Inspiration

Embarrassed of your student ID card? Do people ask you who’s on your ID card? Face it, most of us have had trouble taking selfies in our lives, and all we can do is suck it up. We wanted to help the many people in the world that face this problem everyday by providing an app that can help you find your best angle.

What it does

Selfie Monsta provides a live time score of how good your current camera capture is to help you find your best angle and look. In order to start using the app, just point your camera to a human face, and once the face has been recognition, the app will run your images into a machine learning model and tell you how good your selfies are.

The app supports two modes of capturing selfies, Single mode - wait until you see a selfie score you like, and click the snap button. You’ll be given the options to redo a photo or download what you have. Smart mode - hold down the snap button, and Selfie Monsta will keep track of your best selfie over a period of time. A small screen will pop up in the corner, showing your current best selfie, and when you’re satisfied, you’ll be given the option to take more photos or download your dashing profile.

How we built it

The front end of Selfie Monsta is built on HTML5, CSS, and JS for fast prototyping of a proof-of-concept user interface that is cross platform. A computer vision library (Tracking.js) was used for efficient face-detection and pre-processing of raw pixel data. The pixel data from the video was then sent over to a AWS EC2 x8 GPU Instance for the prediction of the selfie quality.

Behind the scenes, the image is transformed and fed into a neural network — a modified MobileNet Convolutional Neural Network that does binary classification, which rates the selfie-quality of the image, and outputs a rating from 0 to 1. This is powered by a Tensorflow backend, trained with the Selfie Dataset from the UCF Center for Computer Vision, a labelled dataset of over 40,000 images and respective popularities.

Challenges we ran into

  1. CSS Problems: ..* Dynamic positioning and formatting of UI elements ..* HTML5 elements like canvas and video Making the app look nice
  2. Camera and computer vision APIs: ..* Different devices had different video qualities and resolutions, hard to achieve consistency and smooth performance
  3. Networking: ..* Security issues (Cross Origin Requests, HTTPS), relatively large size of payloads, and high frequency of requests
  4. Transforming images to be compatible with the training set
  5. Training a satisfactory model: ..* Noise and outliers in training set

Accomplishments that we're proud of

We were surprised but also really happy that our machine learning model came out to work reasonably well, without having too many complicated technical components or costing too much of our time by requiring too much data or learning time. We were also able to make the web app be compatible with mobile even though it was originally just for desktop, which was a pleasant surprise since we thought about making a mobile app in the first place (but didn’t feel like we had the skills to do so in a hackathon). Finally, we were very impressed by how our entire project just fit together, from the machine learning model creation to hosting the model calculations on a server to the actual web app connecting packages, requests and the UI together to create the final usable app for the user.

What we learned

Cross-platform development is tricky to get right and meet expectations. Using the right front-end layouts and debugging tools makes a big difference in achieving consistency in design, functionality and performance.

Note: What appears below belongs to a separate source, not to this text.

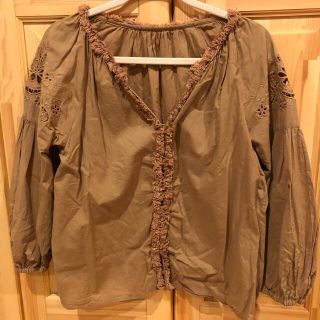 グローバルワーク(GLOBAL WORK)の美品　GROBAL WORK ブラウス　フリンジ(シャツ/ブラウス(長袖/七分))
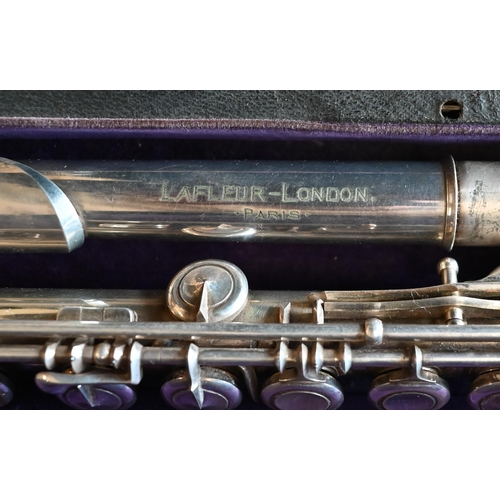 438 - # A vintage La Fleur EPNS flute in fitted case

On the machine learning side, we discovered that models can be very volatile, from overfitting to false positives and a host of wrong learned assumptions. We had to learn special techniques to account for these errors, to create a model that does as expected but is robust at the same time.

What's next for Selfie Monsta

We hope to make a native mobile app instead of a web one so we can support more features, and have a smoother UI overall. We also hope to improve the current model with more training and features, or explore other architectures for the neural network. Finally, we hope to be able to apply the concept of Selfie Monsta in the automation and streamlining of processes of substantial photography tasks, such as photo-ID creation or satellite imaging.